Abstention record, votes nuls, sanction de certains candidats appartenant aux cercles influents habituels : les élections législatives en Iran ont été marquées par le mécontentement de la population. Certes, les conservateurs et ultra-conservateurs maintiennent leur domination, mais la pression sociale s’intensifie.

Téhéran, le 28 février 2024. Une femme marche devant un mur portant des affiches électorales en prévision des élections législatives.
ATTA KENARE/AFP

Premières élections après le vaste mouvement de contestation de 2022-2023, les législatives se sont déroulées le 1er mars dans le but de renouveler les 290 députés pour un mandat de quatre ans (lire l’encadré) ainsi que les 88 membres de l’Assemblée des experts, élus pour huit ans. Ces derniers ont le pouvoir de superviser, mais aussi — en théorie — de révoquer le guide suprême (valy e-faghih). Bien que cette possibilité n’ait jamais été utilisée, l’âge avancé du guide suprême actuel (84 ans), l’ayatollah Ali Khamenei, après plus de trente ans au pouvoir, pourrait lui conférer une importance particulière.

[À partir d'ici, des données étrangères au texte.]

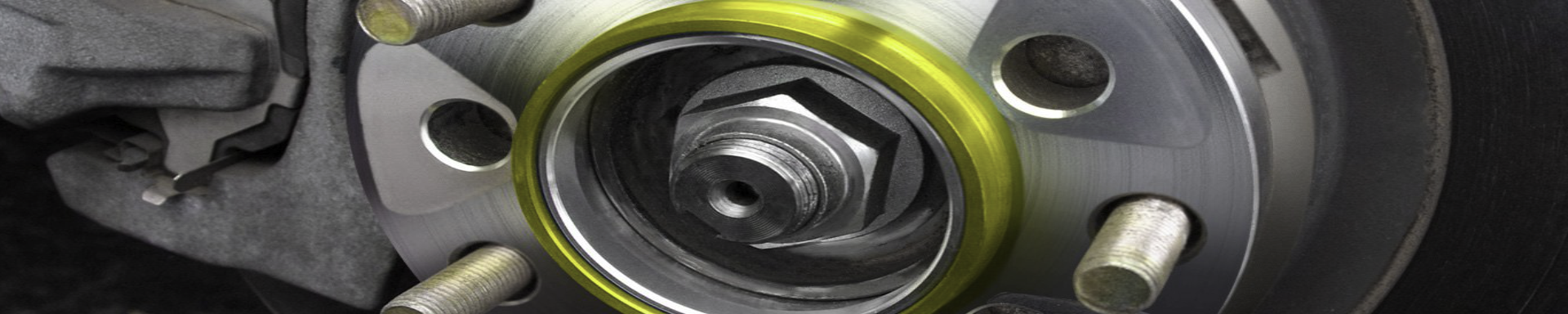 Hub Centric Rings | GarageAndFab.com | Munro Industries gf-100103081401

Avant la consultation, le pouvoir et le Conseil des gardiens de la révolution, chargés de valider (ou pas) les candidats, avaient pris soin d’en disqualifier plus de la moitié, tous ou presque parmi les indépendants, les « modérés » et les « réformateurs », réduits à la portion congrue. « Ces élections [sont] dénuées de sens, sans compétition, et inefficaces », a déclaré ainsi Mohammad Khatami, ancien président de la République islamique (1997-2005) qui n’a pas participé au vote, sans avoir appelé au boycott.

En outre, pour être éligible au Parlement (Majlis), un niveau d’études universitaires de bac plus cinq est requis, excluant ainsi les classes populaires, en particulier les ouvriers qui constituent plus d’un quart de l’électorat. Au total, la majorité des 15 200 candidats autorisés, dont 1 713 femmes (11,2 % du total, deux fois plus qu’en 2020), appartenaient au camp majoritaire. Les listes étaient composées de quelques « caïds » (chefs influents suivis de noms souvent inconnus), et la campagne électorale s’est avérée courte – seulement dix jours.

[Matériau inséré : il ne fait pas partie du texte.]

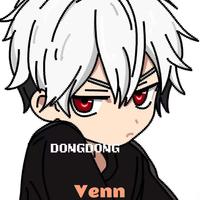 Venn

Pas étonnant que, sans concurrent, les conservateurs et les ultra-conservateurs, parfois en rivalité, maintiennent leur domination au Parlement. Leur influence s’exerce également à la présidence de la République depuis 2021 ainsi qu’au pouvoir judiciaire. Ils consolident ainsi leur emprise sur toutes les instances nationales.

Abstention et votes nuls

Cependant, les Iraniens ont utilisé l’une des seules armes à leur disposition : rester à la maison. Comme le montre le tableau ci-dessous, le taux de participation ne dépasse pas les 41 %, le niveau le plus faible jamais atteint depuis la révolution de 19791.

Le cas de Téhéran est à la fois atypique et symbolique. Deux chiffres officiels de participation ont été successivement donnés : 24 % (en baisse de deux points par rapport à 2020), puis 34 % (en hausse de huit points). S’il est exact, ce dernier chiffre reflète, en réalité, une forte augmentation des votes nuls, considérés par une partie de l’électorat comme un moyen d’expression. Depuis 2020, le résultat de ces votes n’est plus rendu public.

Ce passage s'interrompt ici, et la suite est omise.